- [BRIEF]:
From the first line to the last, output the entries exactly.

Brief descriptive captions:
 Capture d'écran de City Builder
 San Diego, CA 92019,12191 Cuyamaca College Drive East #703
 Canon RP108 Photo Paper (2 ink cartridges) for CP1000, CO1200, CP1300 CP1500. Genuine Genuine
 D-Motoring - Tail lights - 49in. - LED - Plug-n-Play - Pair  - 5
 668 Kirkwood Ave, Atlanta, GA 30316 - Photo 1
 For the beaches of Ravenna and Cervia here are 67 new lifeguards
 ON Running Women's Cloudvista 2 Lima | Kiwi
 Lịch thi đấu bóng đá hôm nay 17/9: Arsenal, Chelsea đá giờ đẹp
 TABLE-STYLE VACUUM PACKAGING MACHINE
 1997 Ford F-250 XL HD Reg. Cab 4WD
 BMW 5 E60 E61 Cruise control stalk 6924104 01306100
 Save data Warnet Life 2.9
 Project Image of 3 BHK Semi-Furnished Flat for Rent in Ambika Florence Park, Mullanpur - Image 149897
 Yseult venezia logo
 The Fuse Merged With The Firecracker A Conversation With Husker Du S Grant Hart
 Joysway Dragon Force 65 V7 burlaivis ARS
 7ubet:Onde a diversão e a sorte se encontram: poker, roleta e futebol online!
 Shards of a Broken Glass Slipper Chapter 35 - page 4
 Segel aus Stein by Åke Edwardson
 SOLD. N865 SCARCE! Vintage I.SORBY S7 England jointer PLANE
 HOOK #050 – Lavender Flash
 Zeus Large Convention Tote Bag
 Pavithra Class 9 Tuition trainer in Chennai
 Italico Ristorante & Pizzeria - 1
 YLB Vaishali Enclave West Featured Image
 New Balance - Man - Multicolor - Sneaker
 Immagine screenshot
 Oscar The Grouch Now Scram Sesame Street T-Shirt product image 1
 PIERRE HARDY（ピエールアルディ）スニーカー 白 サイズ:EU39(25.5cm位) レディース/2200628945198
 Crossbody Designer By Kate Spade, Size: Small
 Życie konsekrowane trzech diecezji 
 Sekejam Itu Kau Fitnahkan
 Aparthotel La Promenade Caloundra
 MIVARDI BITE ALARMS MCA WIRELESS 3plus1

- [ANSWER TO THIS EXERCISE]:
 Capture d'écran de City Builder
 San Diego, CA 92019,12191 Cuyamaca College Drive East #703
 Canon RP108 Photo Paper (2 ink cartridges) for CP1000, CO1200, CP1300 CP1500. Genuine Genuine
 D-Motoring - Tail lights - 49in. - LED - Plug-n-Play - Pair  - 5
 668 Kirkwood Ave, Atlanta, GA 30316 - Photo 1
 For the beaches of Ravenna and Cervia here are 67 new lifeguards
 ON Running Women's Cloudvista 2 Lima | Kiwi
 Lịch thi đấu bóng đá hôm nay 17/9: Arsenal, Chelsea đá giờ đẹp
 TABLE-STYLE VACUUM PACKAGING MACHINE
 1997 Ford F-250 XL HD Reg. Cab 4WD
 BMW 5 E60 E61 Cruise control stalk 6924104 01306100
 Save data Warnet Life 2.9
 Project Image of 3 BHK Semi-Furnished Flat for Rent in Ambika Florence Park, Mullanpur - Image 149897
 Yseult venezia logo
 The Fuse Merged With The Firecracker A Conversation With Husker Du S Grant Hart
 Joysway Dragon Force 65 V7 burlaivis ARS
 7ubet:Onde a diversão e a sorte se encontram: poker, roleta e futebol online!
 Shards of a Broken Glass Slipper Chapter 35 - page 4
 Segel aus Stein by Åke Edwardson
 SOLD. N865 SCARCE! Vintage I.SORBY S7 England jointer PLANE
 HOOK #050 – Lavender Flash
 Zeus Large Convention Tote Bag
 Pavithra Class 9 Tuition trainer in Chennai
 Italico Ristorante & Pizzeria - 1
 YLB Vaishali Enclave West Featured Image
 New Balance - Man - Multicolor - Sneaker
 Immagine screenshot
 Oscar The Grouch Now Scram Sesame Street T-Shirt product image 1
 PIERRE HARDY（ピエールアルディ）スニーカー 白 サイズ:EU39(25.5cm位) レディース/2200628945198
 Crossbody Designer By Kate Spade, Size: Small
 Życie konsekrowane trzech diecezji 
 Sekejam Itu Kau Fitnahkan
 Aparthotel La Promenade Caloundra
 MIVARDI BITE ALARMS MCA WIRELESS 3plus1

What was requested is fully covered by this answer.